• Work instructions
In the records below, find the line with "Epidermodysplasia Verruciformis Edv Youtube" and repeat exactly every line from it through the line with "Scaly skin inflammatory skin disease". Pictures stay out.

• Data to process
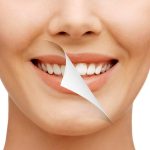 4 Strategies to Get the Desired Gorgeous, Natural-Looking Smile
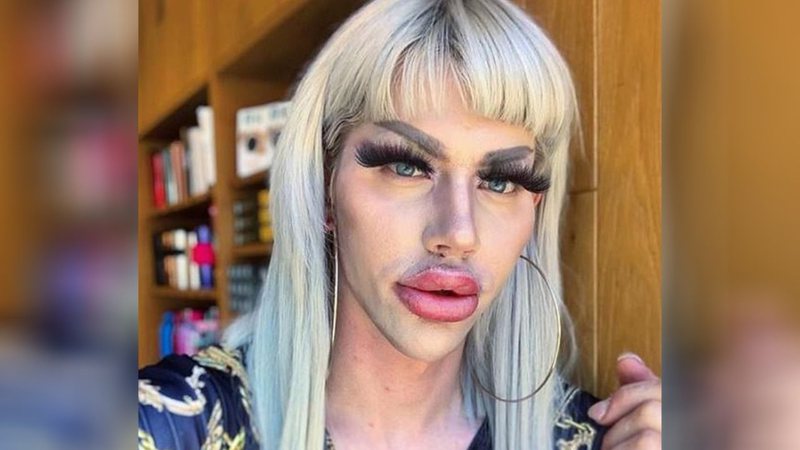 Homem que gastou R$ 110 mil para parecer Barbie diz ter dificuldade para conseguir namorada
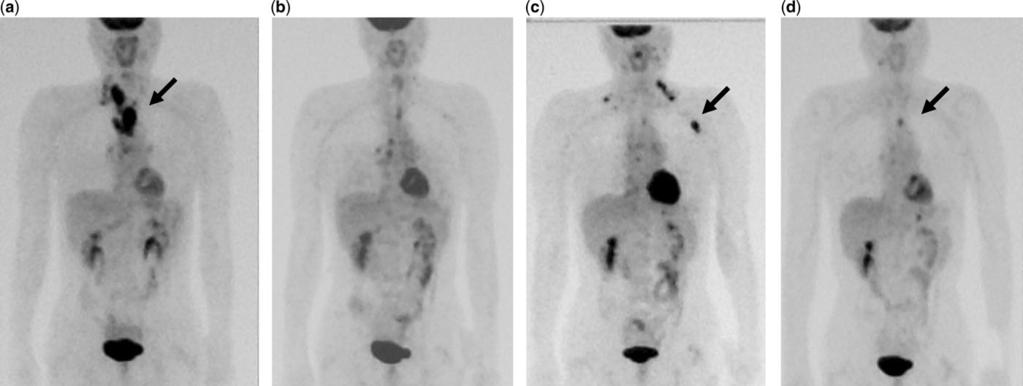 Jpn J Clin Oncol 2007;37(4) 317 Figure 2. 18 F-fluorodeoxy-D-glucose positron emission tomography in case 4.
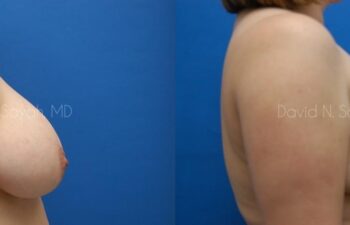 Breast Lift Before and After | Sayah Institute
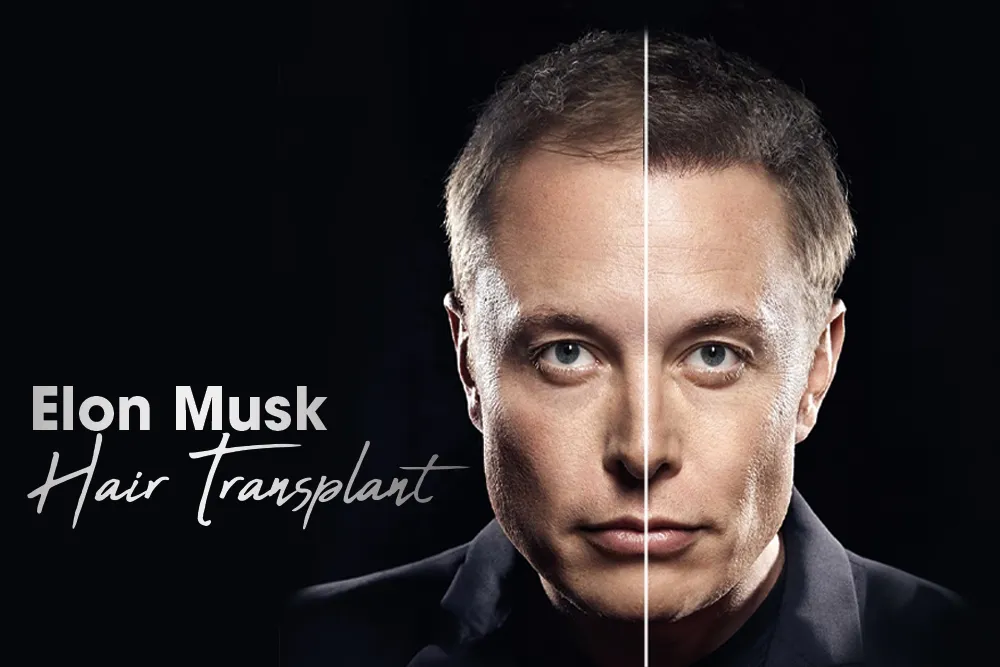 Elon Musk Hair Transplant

--

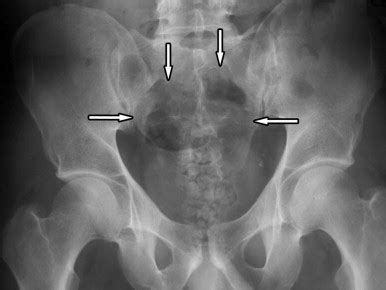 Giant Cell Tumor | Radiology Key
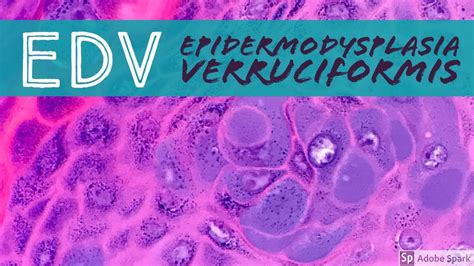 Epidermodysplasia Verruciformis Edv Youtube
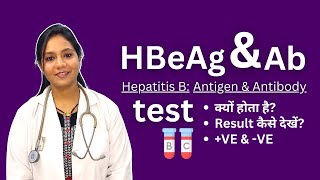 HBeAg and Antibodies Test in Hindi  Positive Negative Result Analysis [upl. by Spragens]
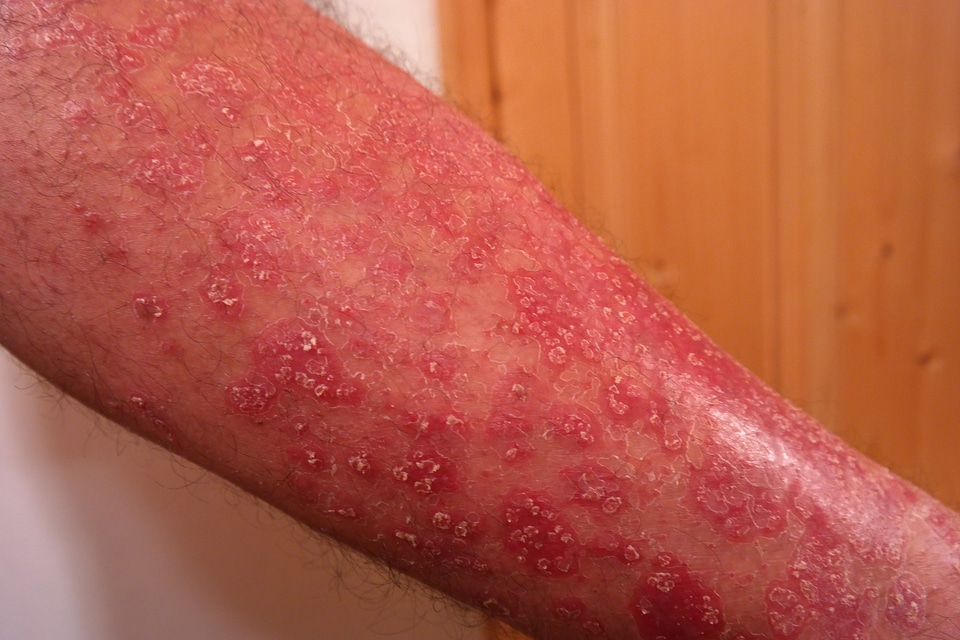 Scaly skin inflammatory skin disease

---

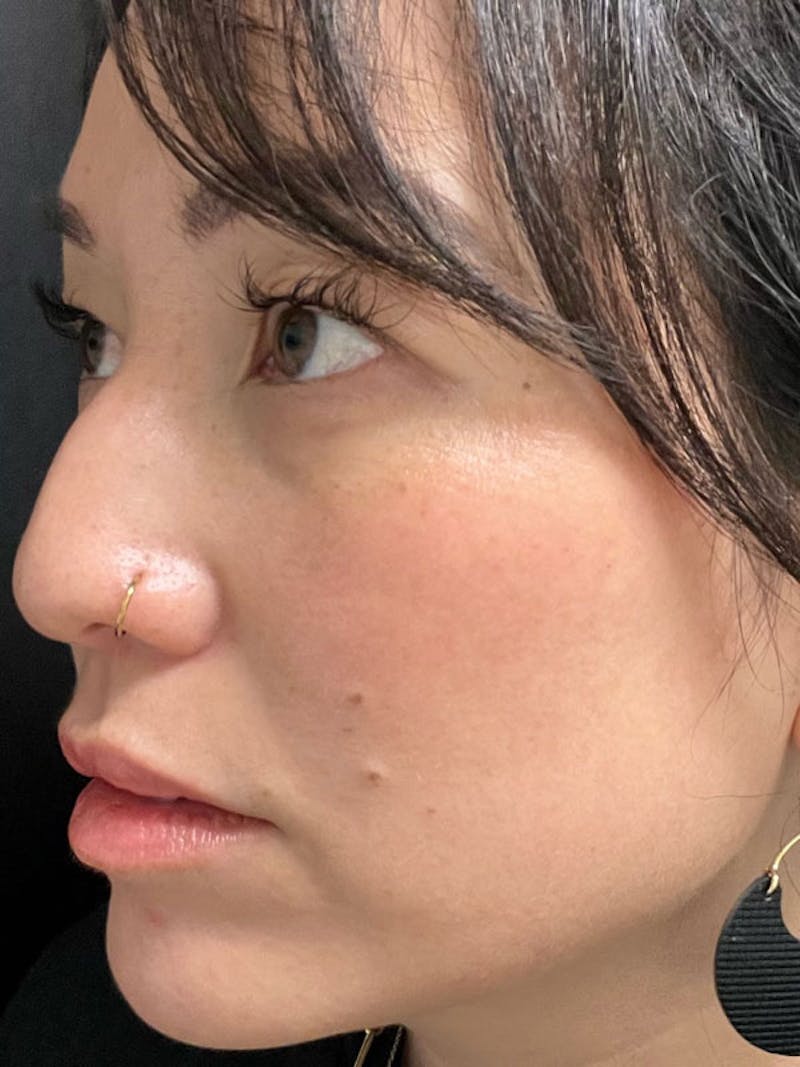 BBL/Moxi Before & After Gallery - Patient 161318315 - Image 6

• Final answer
 Epidermodysplasia Verruciformis Edv Youtube
 HBeAg and Antibodies Test in Hindi  Positive Negative Result Analysis [upl. by Spragens]
 Scaly skin inflammatory skin disease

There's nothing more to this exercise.